Centre Likely To Renew Demand For Extra Dividend From RBI


The government will likely improvise its demand for Rs. 13,140 crore ($1.9 billion) in additional dividend from the central bank helmed by newly-appointed governor Shaktikanta Das, two sources in the government told Reuters. The government believes the value has been pending since 2016-17, when an internal formula called staggered surplus dividend distribution method was used without consulting the government to transfer the dividend for that year, stated one of the sources, who did not want to be named as they are not authorized to speak to the media.

“Even though RBI in 2016-17 used their own formula it had still transferred Rs. 13,140 crore less to the government in our view,” the official says. “We have been asking that amount to be given to us,” the official added.

The central bank confirmed the transfer of Rs. 50,000 crore in the dividend to the central government for this fiscal year in August. The government deposited a note to the RBI later that month pointing to the shortfall, said one of the sources who had seen it.

Each source said the finance ministry was likely to combine the amount sought for this year and the pending sum from 2016-17 when it makes a formal request next month.

The finance ministry and the RBI did not answer to requests for comment.

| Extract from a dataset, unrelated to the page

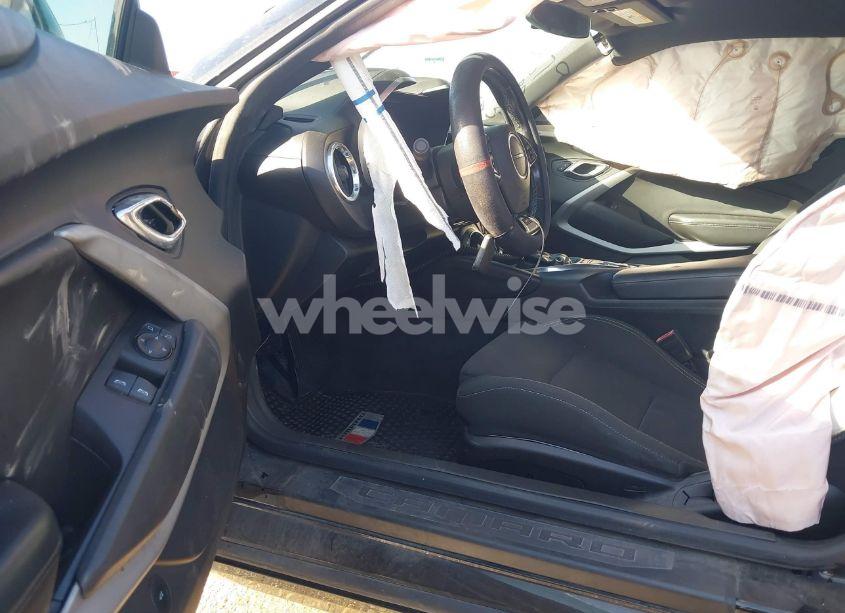 Photo 5 of 2017 Chevrolet Camaro 1LT (VIN 1G1FB1RS0H0179160)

RBI officials have in the past stated that reserves are an important measure of the central bank’s ability to withstand any major market volatility and, therefore, should not be reduced.

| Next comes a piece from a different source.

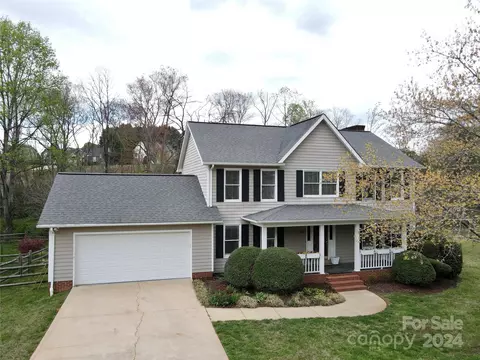 2930 5th Street Pl, Hickory, NC 28601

Critical discussions over the revamping of the economic capital framework were one of the reasons behind the sudden resignation of RBI Governor Urijit Patel earlier this month.

The government has been sparring with the RBI on deciding a fixed formula for transferring dividend to the government as it believes the central bank recently uses an “arbitrary” method.

The government wants to set a transparent formula for the transfer of the funds as the calculation of fiscal deficit and expenditures can be upset if the amount of transfer is lower-than-expected.

Delhi not only wants to have a proper dividend-sharing policy with the central bank but is also looking to revamp the whole economic capital framework as it believes the current framework is “extremely conservative.”

If the government is successful in convincing the RBI of a less conservative framework, then trillions of rupees could be freed up for government utilization, according to the second source, who also did not want to be named.

Such funds will be crucial to the Narendra Modi-led government, which will look to lure voters by giving tax rebates, increasing allocation towards rural schemes and spending on subsidies ahead of a general election that must be held by May.